There is an Elephant in the Dungeon, and yet so many people refuse to look, to acknowledge or talk about it. The few that do attempt to look at the elephant, point out the elephant or goddess forbid talk about the elephant are met with denial, misdirection, character attacks and so forth.


The Elephant is that there ARE people who are in our kink communities simply so that they can prey on others.

Ignoring it, calling it anything but what it is, pointing out that there are predators everywhere, calling me a drama whore or a victim does not change change the fact that the elephant is real, it is there.

Just like any other gathering space for adults, there are abusers and predators in the BDSM community. Being kinky does not mean that one is safe, sane, noble, strong, honest etc, just as being kinky does not mean one is a pedophile, sociopath, adulterer, liar, abuser etc. "But there are predators everywhere!'Sure. Our kink community is not the only place to find creepers.


Something to keep in mind, however, is that certain environments are more likely than others to entice abusers. Environments where they can blend in, be anonymous, build credibility, rely on those around them to hush up complaints, and where they are able to find persons who are more likely to be conflicted about the abuse itself.It is easier to hide a hatred towards women amongst heavy players.

It can be difficult at times to separate misogyny from some of the more intense aspects of BDSM. It is easier to hide a deep hatred when surrounded by acts of violence, humiliation, degradation and power exchanges. "You are just saying this because (insert bs personal attack here)"Yes, I am female. Yes, I am a feminist and an advocate for equality and coexist. Yes I have been sexually assaulted. Yes, someone has used BDSM as a way to abuse me.

None of this removes the elephant from the room.

My experience as a new bottom is just as valid anecdotal evidence as your experience and anecdotal evidence. Regardless of our personal experiences, however, this elephant is here. Right now, in your community and in mine, there are persons who are welcomed into the BDSM groups and events, often in leadership roles, who use that 'authority' and the guise of BDSM to abuse their submissives and bottoms. It is happening.

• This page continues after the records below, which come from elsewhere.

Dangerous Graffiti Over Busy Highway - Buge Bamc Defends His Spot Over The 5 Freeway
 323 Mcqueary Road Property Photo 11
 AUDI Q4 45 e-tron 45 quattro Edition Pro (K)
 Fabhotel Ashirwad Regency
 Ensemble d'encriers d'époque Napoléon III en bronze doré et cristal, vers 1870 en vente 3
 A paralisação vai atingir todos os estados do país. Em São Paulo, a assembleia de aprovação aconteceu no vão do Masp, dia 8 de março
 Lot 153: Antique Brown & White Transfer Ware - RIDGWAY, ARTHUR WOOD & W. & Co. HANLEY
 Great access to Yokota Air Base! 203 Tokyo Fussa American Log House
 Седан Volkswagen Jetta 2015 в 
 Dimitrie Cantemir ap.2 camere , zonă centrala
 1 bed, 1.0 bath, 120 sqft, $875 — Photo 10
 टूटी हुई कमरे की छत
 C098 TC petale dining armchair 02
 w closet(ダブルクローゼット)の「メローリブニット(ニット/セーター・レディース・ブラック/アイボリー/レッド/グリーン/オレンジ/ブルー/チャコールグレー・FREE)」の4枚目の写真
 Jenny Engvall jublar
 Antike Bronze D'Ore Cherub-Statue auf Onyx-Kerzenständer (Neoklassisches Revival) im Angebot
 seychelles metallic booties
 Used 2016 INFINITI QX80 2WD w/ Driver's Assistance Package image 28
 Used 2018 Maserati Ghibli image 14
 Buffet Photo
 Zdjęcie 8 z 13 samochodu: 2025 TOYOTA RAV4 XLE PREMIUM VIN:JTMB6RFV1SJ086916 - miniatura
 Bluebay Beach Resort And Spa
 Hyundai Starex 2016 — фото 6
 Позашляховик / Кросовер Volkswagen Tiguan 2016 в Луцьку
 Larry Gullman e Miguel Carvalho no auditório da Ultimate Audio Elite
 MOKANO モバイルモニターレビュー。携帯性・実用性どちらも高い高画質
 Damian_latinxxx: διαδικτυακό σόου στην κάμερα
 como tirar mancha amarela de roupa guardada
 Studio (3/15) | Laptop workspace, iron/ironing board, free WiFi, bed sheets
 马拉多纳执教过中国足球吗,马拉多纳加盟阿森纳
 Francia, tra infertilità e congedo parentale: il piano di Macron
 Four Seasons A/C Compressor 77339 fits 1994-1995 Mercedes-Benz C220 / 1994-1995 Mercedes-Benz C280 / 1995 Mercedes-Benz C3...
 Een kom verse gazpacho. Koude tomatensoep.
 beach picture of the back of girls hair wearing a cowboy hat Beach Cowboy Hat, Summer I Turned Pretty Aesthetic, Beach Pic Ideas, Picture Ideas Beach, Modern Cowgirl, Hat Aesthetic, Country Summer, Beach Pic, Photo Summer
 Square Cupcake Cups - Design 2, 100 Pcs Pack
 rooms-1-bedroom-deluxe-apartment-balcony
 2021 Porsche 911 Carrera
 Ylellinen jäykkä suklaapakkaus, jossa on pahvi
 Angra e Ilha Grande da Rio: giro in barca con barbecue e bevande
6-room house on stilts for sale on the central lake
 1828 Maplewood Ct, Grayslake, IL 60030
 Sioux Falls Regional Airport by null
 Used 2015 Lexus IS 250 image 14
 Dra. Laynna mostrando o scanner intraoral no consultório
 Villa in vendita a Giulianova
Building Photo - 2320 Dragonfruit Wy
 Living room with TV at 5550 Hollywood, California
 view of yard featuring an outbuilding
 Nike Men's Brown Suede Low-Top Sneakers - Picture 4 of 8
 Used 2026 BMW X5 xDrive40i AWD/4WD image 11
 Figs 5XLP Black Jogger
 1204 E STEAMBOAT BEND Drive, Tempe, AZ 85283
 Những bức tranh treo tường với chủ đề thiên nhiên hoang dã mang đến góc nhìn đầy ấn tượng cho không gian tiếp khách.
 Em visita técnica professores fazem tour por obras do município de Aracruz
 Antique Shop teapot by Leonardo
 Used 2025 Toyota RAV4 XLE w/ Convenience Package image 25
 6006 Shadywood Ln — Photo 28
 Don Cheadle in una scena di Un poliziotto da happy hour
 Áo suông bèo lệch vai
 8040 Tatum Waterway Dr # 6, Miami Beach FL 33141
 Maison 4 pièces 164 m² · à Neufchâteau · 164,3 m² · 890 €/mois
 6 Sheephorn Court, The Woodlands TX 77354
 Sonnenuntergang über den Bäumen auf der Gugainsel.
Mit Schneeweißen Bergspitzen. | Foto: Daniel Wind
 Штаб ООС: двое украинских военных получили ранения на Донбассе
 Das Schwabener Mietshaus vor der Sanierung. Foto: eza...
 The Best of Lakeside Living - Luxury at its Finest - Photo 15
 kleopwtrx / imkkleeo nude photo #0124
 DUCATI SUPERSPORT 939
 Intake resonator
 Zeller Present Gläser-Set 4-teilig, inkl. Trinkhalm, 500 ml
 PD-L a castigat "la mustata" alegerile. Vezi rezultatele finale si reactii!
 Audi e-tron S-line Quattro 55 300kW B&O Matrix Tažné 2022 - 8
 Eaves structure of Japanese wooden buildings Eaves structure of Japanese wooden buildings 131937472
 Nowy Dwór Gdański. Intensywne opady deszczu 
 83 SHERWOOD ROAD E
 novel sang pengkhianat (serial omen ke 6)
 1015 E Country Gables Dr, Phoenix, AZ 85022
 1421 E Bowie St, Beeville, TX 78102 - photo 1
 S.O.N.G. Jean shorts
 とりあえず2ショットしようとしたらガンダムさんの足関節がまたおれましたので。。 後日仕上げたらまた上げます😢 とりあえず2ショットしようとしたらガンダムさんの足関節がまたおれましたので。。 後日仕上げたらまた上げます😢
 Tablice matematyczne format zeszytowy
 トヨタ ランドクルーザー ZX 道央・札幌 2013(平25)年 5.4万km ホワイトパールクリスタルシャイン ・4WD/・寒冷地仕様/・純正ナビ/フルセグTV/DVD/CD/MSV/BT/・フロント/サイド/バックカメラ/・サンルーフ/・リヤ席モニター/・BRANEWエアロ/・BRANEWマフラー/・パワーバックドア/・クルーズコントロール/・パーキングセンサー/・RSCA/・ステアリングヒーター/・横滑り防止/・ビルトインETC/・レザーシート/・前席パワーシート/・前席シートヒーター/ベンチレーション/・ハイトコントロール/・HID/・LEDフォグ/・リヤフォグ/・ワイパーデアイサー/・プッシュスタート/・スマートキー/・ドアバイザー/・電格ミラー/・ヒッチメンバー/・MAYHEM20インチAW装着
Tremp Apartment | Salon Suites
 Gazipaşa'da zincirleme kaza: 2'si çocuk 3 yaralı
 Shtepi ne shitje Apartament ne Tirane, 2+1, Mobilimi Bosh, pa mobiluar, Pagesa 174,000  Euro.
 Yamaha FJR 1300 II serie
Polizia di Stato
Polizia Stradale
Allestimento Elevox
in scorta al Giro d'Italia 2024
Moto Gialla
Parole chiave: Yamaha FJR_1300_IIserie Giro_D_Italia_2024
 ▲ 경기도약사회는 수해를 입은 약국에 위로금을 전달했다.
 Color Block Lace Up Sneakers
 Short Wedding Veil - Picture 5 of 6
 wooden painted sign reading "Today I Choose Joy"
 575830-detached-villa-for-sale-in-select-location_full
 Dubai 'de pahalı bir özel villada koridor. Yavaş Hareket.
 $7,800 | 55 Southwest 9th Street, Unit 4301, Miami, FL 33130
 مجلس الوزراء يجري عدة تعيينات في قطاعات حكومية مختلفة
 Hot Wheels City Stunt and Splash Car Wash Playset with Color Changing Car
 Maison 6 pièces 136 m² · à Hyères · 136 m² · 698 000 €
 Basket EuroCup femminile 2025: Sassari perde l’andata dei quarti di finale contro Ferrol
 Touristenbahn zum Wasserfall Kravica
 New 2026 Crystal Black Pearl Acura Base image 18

"We have no way to self police this"

W e don't have to be our own police. What we could do, however, is lead. We can talk to the experts about ways to deter and prevent this, ways to encourage victims to come forth, how to address it and how to support those involved. We have the option to be proactive, rather than to just debate if victims are lieing. We have the option to create a cut and dried (ish) protocols in our societies and clubs for addressing these concerns, rather than focusing on trying to contain the allegations within our community.

When we try to run damage control we actually empower abusers and trample the victim, creating an even more welcoming environment for further abuse. "That allegation is false! I talked to him/her and they were genuinely appalled that (victim name) felt they were abused!"While I am not talking about a specific allegation allow me to share a not so fun fact: Most abusers do not realize that they are in fact being abusive. They justify their actions to themselves. They don’t' just wake up one day and violently rape someone (typically). Instead there is a pattern of boundary violations that typically escalate. The very terrifying truth is that while many do not really get that they are violating anyone's boundaries, a few know exactly what they are doing. They feel they are entitled to do what they want and they are charismatic and well able to fake shock and indignation, sincerity and earnestness.

It's our community.

I would love to see it be a safe place.With all these newbies entering the scene thanks to changing societal values and media exposure via soft bdsm books and movies and documentaries we need to get on this. I predict a rise in consent violations being reported until we figure out how to be proactive.